JAKARTA, fornews.co — Indonesia menekankan bahwa hutan bukan hanya komponen ekologis, melainkan fondasi ketahanan sosial dan ekonomi Asia Tenggara.
Hal itu disampaikan Delegasi Indonesia, Wening Sri Wulandari selaku lead country, dalam The 22nd ASEAN Working Group on Forest and Climate Change (AWG-FCC) Meeting, yang digelar secara virtual Selasa, 21 April 2026.
“Meningkatnya risiko iklim, peran hutan menjadi semakin penting untuk mitigasi dan adaptasi, serta untuk memperkuat ketahanan masyarakat,” ujarnya.
Filipina yang dipilih sebagai tuan rumah pertemuan ke-22 Kelompok Kerja ASEAN tentang Hutan dan Perubahan Iklim tidak cukup hanya menjadi ruang berbagi laporan.

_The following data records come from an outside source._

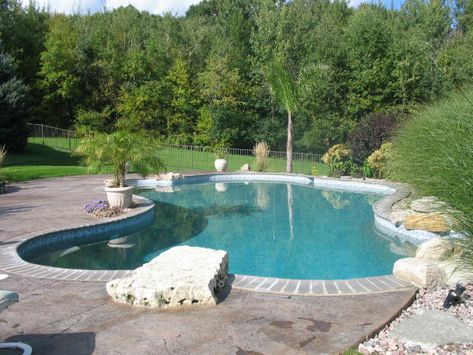 Jumping Rocks For Pool, Diving Rocks For Pools, Pool With Jumping Rock, Rock Pool Aesthetic, Pool With Slide And Jumping Rock, Themed Backyard, Backyard Pool Design, Company Building, Swimming Pool Construction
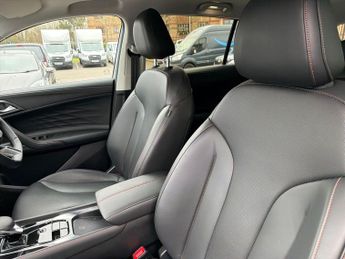 MG HS 5Dr Trophy 1.5 Hybrid + Auto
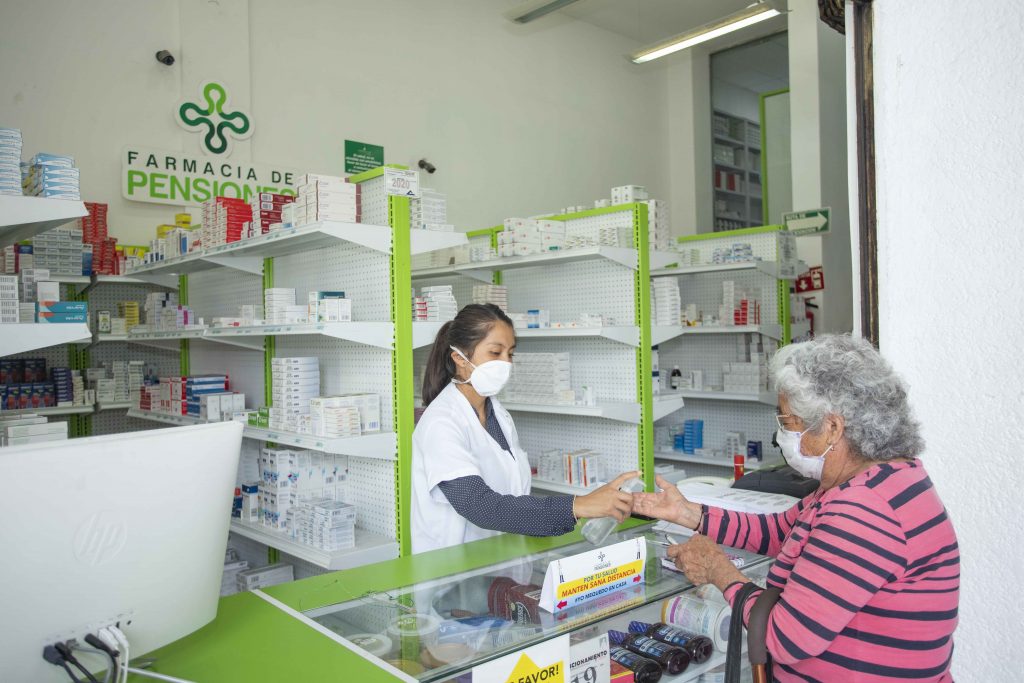 Mantiene clínica de salud de farmacias de pensiones civiles servicios médicos.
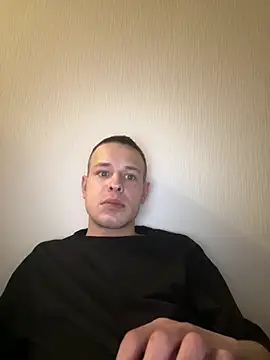 Snapshot of pretty_roman chatting on April 2026 05:37:01 PM pretty roman online show from April 2026 05:37:01 PM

Sebagai Kepala Pusat Pengembangan Mitigasi dan Adaptasi Bencana Hidrometeorologi Kehutanan, Sekretariat Jenderal Kementerian Kehutanan, Wening, menyebut kerja sama kawasan harus bergerak dari koordinasi administratif menuju aksi kolektif yang terukur.
Dalam forum virtual yang diinisiasi Filipina itu, Indonesia juga menekankan pentingnya hutan terhadap krisis iklim yang dapat menimbulkan banjir, kekeringan, dan hilangnya keanekaragaman hayati.
Hutan yang menyerap karbon menjaga sistem air, menopang pangan, dan menjadi sandaran hidup jutaan orang. Itu sebabnya pengelolaannya tidak bisa setengah hati.
Alih fokus dari seremoni ke substansi terlihat dalam dorongan Indonesia terhadap Rencana Aksi (Plan of Action/POA) 2026–2030.
Dokumen ini tidak hanya dirancang sebagai kelanjutan program sebelumnya, tetapi sebagai instrumen koreksi atas capaian yang belum optimal pada periode 2021–2025.
Integrasi dengan rencana sektoral pangan, pertanian, dan kehutanan (FAFSP) dapat memberikan pendekatan dan menghindari kerja terkotak yang selama ini memperlambat respons kawasan.
Lebih dari itu, Indonesia mengangkat isu keadilan iklim sebagai bagian dari kerja sama regional. Negara-negara ASEAN memiliki kerentanan berbeda, dan distribusi sumber daya untuk mitigasi serta adaptasi sering kali tidak seimbang.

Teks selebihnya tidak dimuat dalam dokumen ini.